Take out this “drain plug” too, you won‘t be needing it… this will become the TOP of the catch can, believe it or not.


__
Image uploading. Refresh page to view










Now, break out that putty and read the directions, follow them to the T! Before applying this putty to the holes you want to cover, I like to roughin’ up where I’m going to put it, as the directions will explain. It “adheres” better to a rough/CLEAN surface, I just took a drill bit and ran it around the holes I wanted to fill, nickin’ it up all around it - followed by a good washing with a scrub brush (Obviously, let the can be completely dry before applying ANYTHING!) When the time is right, just kind of plug that hole with the putty, while pushing all around it. (try to NOT put TOO MUCH pressure on “holes area” but enough to where it adheres to the sides of the hole! Got me? You might be left with a “dimple” but LEAVE IT to DRY! Very important! You can do the JB Weld in LAYERS and it helps a lot with building strength to the “weld”. You got to have the “structure layer” first and build around, on top, of THAT! Even if it looks like a “glob” on the hole, its ok, remember it’s going to be sanded down! I REALLY hope this is making sense… lol 

*TIP - I’ve also found that if you have a cup of water next to you (or even some spit!) that you can get your finger damp after putting the putty in place and “mold it” like clay. It helps A LOT with making it look pretty(ER) and not sticking to your fingers and pulling off the metal you want it to adhere to. IT WILL STICK TO YOUR FINGERS. (TOO MUCH water will soften it up though, NOT what you want! So take it VERY light… just enough to have your finger damp.) 

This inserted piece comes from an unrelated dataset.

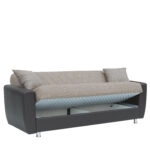 Καναπές Κρεβάτι Τριθέσιος JUAN Καφέ/Μπεζ 210x84x86cm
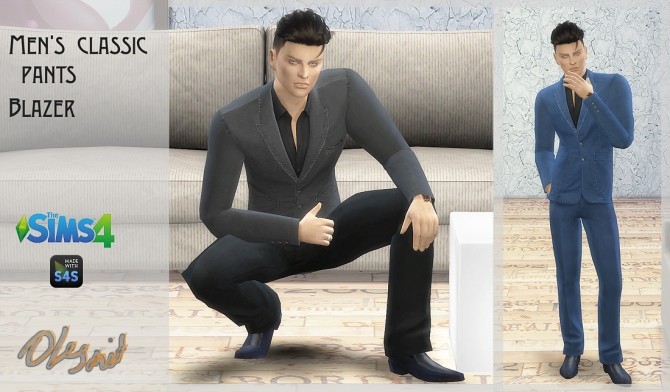 Sims 4 Male blazers and classic pants at OleSims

The holes your going to want to fill are 3. Two right next to each other, on the ORIGINAL top of the catch can… where the original fittings are. One is a bolt hole and the other is a hole for the fitting to slip inside of. This catch can MAY work on a go-kart as is, but honestly, I think even for a 5 HP Briggs it would still be too restrictive! :laugh: 

The other hole is the hole for the clear “level line fitting” on the original can, you want to do the one that’s towards the ORIGINAL top! Remember, we’re flipping this thing upside down in the end, trust me on this. So… the ONLY HOLES that should be left are two on the original top, so you can still fit ONE original fitting (there’s 4 in all, from both of the inlet/outlet fitting(s), you filled TWO… that leaves 2! Doesn‘t matter which one you do honestly…) AND the one hole for the “level line” that was at the top, closest to those original fittings. Make sense? Here, maybe this picture will help…


__
Image uploading. Refresh page to view










After the putty FULLY dries (About 2-3 hrs. ATLEAST. A freezer helps out with hardening it better, if it is thrown in it, immediately after application), take those holes you covered/filled and sand them down. Starting w/ a low grit sandpaper and leading up to a fine grit. It reminds me of a STRONG @$$ “Bondo”, just treat it kinda the same way! Shaping and smoothing to your liking…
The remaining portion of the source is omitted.